Some ideas for designing a Baháʼí Garden, besides roses of all types:

Ornamental Oregano, Thyme, Hydrangeas, zinnias, calla lilies, snapdragons, starflowers, Trailing Rosemary, native North American plants (coneflowers, anise hyssop, swamp milkweed, bee balm, and little bluestem), tulips, flowering cherry, crabapple, hardy palms, cypress, Jacaranda tree.

Persian Influence is commonly seen, and many of the historic gardens have this element. You can find ornamental garden objects that would fit in well with the opulent Taj Mahal feel.

Many of these common garden elements can be traced to the Persian Garden influences.

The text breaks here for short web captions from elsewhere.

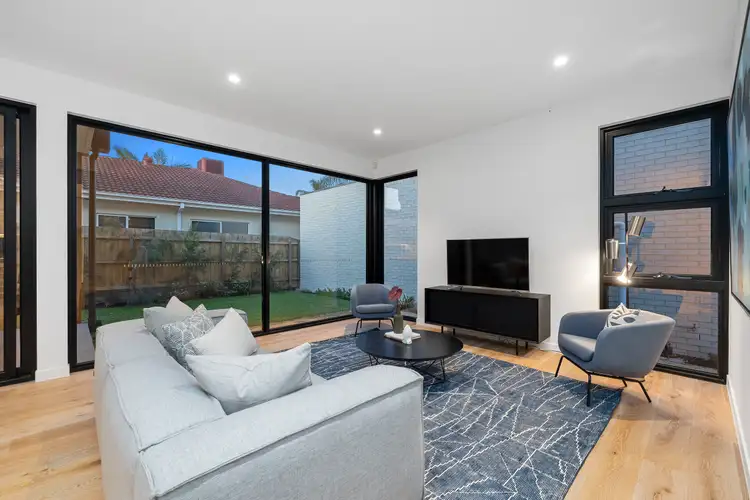 Fifth view of Homely townhouse listing, 80B Albenca Street, Cheltenham VIC 3192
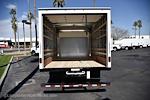2023 Ford Transit 350 HD RWD, Morgan Truck Body Parcel Aluminum Box Van for sale #23H540 - photo 3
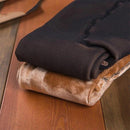 Meias-calças térmicas de lã - Compre 1 e leve 2! 🎁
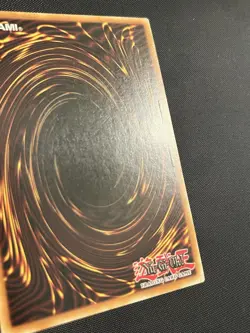 Number 88: Gimmick Puppet of Leo JUMP-EN064 Ultra Rare Limited Light Play YuGiOh - Image 4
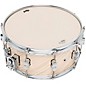 PDP by DW Concept Maple Snare Drum With Chrome Hardware 14 x 6.5 in. Twisted Ivory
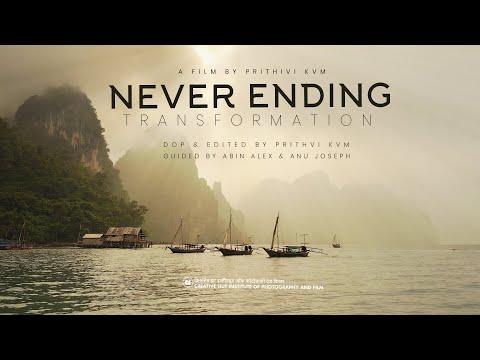 Documentary – Student Film 3 thumbnail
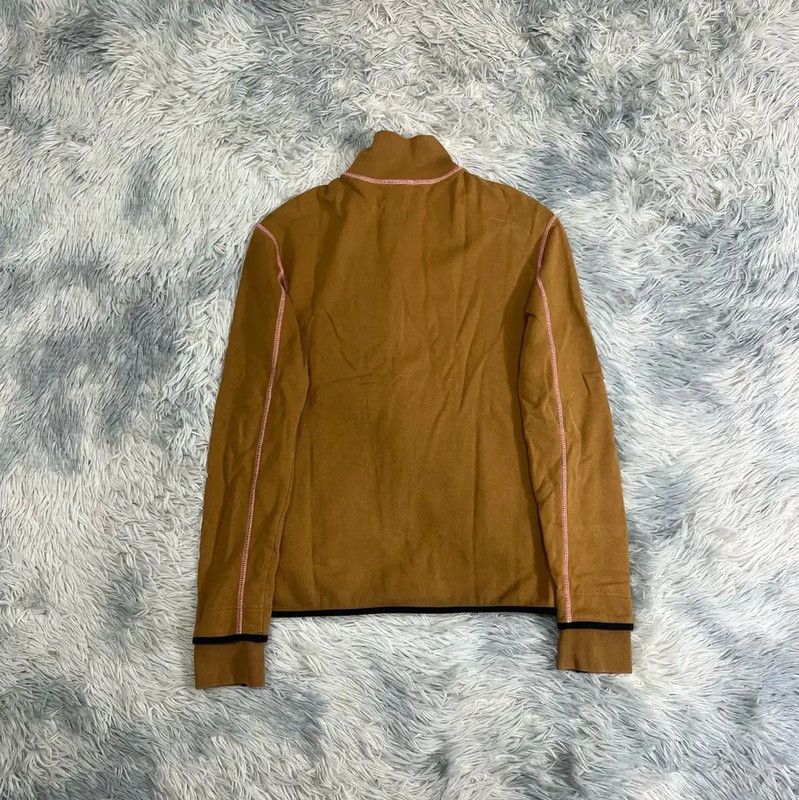 Loewe Loewe Black Cotton Men's Jacket XS 0089 Size US XS / EU 42 / 0 - 2 Thumbnail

  • The origin of Persian gardens may date back as far as 4000 BCE; the presence of water grew increasingly important. Great emphasis placed on fountains and ponds in gardens.

  • Sunlight and its effects were an important factor of structural design in Persian gardens. Textures and shapes were specifically chosen by architects to harness the light.

  • Shade is also very important in the garden. Trees and trellises are used to create resting areas for gathering and seclusion that are especially needed in the Persian summer heat. 

  • The Persian style often attempts to integrate that which is “indoors” with the “outdoors”. This is often achieved through the connection of a surrounding garden, with an inner courtyard.